Of all the architectures that Rust targets (and also runs Linux), what is the most powerful machine we can get? Is it:
(1) dual core AMD Epyc
(2) ampere altra
(3) something else ... ?
For simplicity, let's rule out infiniband + rdma. I want something where we can easily use AtomicU64 and have it visible to all nodes/threads of the single machine.
Also, let us rule out GPUs. We're not doing floating point crunching. We do not have that level of a data parallelism.
Primarily, I am interested in the # of cores we can have, subject to the constraint that all cores can see all memory and access shared AtomicU64's.
The System/390, Power, and RISC-V architectures are all on the Tier-2 target list, so you should be able to find a mainframe-class computer that can run both rustc and programs implemented in Rust (though there may be some quirks/bugs).
This support is for Linux running in a VM (what they used to call an LPAR, I think) on the mainframe, so it will look a lot like any other 64-bit Linux server.
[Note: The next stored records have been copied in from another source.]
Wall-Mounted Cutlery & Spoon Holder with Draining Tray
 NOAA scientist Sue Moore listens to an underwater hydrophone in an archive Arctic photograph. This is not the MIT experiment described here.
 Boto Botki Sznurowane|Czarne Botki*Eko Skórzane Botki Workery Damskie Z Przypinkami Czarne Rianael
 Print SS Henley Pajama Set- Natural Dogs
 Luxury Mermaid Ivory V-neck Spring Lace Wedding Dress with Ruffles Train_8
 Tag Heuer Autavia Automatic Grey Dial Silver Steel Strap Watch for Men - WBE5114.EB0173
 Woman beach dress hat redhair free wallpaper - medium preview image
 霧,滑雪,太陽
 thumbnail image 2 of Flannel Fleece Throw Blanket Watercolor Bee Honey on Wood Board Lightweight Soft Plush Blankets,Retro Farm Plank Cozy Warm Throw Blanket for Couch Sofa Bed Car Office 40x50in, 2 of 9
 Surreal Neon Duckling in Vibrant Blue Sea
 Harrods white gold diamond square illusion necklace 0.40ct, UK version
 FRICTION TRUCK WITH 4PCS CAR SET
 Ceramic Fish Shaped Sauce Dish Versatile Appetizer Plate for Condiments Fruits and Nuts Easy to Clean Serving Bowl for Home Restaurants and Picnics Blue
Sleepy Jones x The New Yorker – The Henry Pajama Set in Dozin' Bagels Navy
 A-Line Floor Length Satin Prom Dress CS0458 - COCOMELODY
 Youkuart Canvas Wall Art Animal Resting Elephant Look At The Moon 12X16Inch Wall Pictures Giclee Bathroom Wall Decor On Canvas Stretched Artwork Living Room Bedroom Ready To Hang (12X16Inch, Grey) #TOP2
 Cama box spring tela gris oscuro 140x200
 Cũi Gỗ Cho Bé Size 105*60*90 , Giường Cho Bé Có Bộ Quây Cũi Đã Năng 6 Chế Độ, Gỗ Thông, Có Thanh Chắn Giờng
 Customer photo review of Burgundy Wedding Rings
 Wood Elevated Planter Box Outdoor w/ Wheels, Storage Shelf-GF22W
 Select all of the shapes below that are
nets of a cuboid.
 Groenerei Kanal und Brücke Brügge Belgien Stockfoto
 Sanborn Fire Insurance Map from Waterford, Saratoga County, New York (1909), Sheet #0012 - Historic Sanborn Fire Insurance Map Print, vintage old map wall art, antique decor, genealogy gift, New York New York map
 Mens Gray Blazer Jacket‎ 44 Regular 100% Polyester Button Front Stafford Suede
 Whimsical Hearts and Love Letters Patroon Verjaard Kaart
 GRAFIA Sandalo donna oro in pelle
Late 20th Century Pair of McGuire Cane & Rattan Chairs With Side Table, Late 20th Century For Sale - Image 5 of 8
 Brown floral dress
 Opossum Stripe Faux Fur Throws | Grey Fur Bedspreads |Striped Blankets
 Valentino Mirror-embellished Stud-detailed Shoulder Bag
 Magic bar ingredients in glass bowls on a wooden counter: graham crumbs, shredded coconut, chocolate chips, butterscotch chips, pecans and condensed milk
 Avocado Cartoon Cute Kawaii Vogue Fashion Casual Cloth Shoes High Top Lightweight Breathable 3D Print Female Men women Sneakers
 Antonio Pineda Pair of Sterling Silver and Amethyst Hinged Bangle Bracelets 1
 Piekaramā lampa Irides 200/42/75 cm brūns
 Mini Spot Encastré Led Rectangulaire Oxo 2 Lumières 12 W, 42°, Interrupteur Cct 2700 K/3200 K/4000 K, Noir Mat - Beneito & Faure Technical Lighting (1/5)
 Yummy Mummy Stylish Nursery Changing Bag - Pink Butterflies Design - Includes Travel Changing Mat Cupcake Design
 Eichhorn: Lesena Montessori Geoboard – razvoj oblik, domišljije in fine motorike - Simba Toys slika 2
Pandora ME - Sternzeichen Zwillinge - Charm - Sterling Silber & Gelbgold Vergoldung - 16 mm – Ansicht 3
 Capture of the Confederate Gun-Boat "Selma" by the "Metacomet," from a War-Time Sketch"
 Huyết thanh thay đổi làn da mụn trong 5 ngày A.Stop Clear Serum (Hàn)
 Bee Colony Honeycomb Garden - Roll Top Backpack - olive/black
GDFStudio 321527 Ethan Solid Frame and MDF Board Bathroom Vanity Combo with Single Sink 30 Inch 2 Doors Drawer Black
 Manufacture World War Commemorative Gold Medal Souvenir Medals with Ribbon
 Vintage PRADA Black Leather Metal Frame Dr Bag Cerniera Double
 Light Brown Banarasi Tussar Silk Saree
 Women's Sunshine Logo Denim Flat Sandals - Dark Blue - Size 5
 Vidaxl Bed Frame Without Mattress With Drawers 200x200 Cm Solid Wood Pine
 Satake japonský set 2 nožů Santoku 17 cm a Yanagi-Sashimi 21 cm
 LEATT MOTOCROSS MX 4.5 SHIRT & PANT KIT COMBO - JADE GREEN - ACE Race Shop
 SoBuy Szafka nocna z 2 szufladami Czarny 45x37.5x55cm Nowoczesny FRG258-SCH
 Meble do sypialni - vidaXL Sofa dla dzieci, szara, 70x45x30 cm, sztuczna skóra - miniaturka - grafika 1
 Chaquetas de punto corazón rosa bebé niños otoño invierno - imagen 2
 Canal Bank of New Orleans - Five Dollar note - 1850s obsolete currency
Rust targeting z/OS would be quite different.
What is a "single machine"? The most performant computer in the world at the moment seems to be Supercomputer Fugaku - Supercomputer Fugaku, A64FX 48C 2.2GHz, Tofu interconnect D | TOP500 at 16 PFlop/s . You would probably describe it as a rather big number of smaller computers, but it counts as one machine. And it is running Red Hat Enterprise Linux as operating system, so it's probably running rust. At least some rg somewhere in some administrative script ...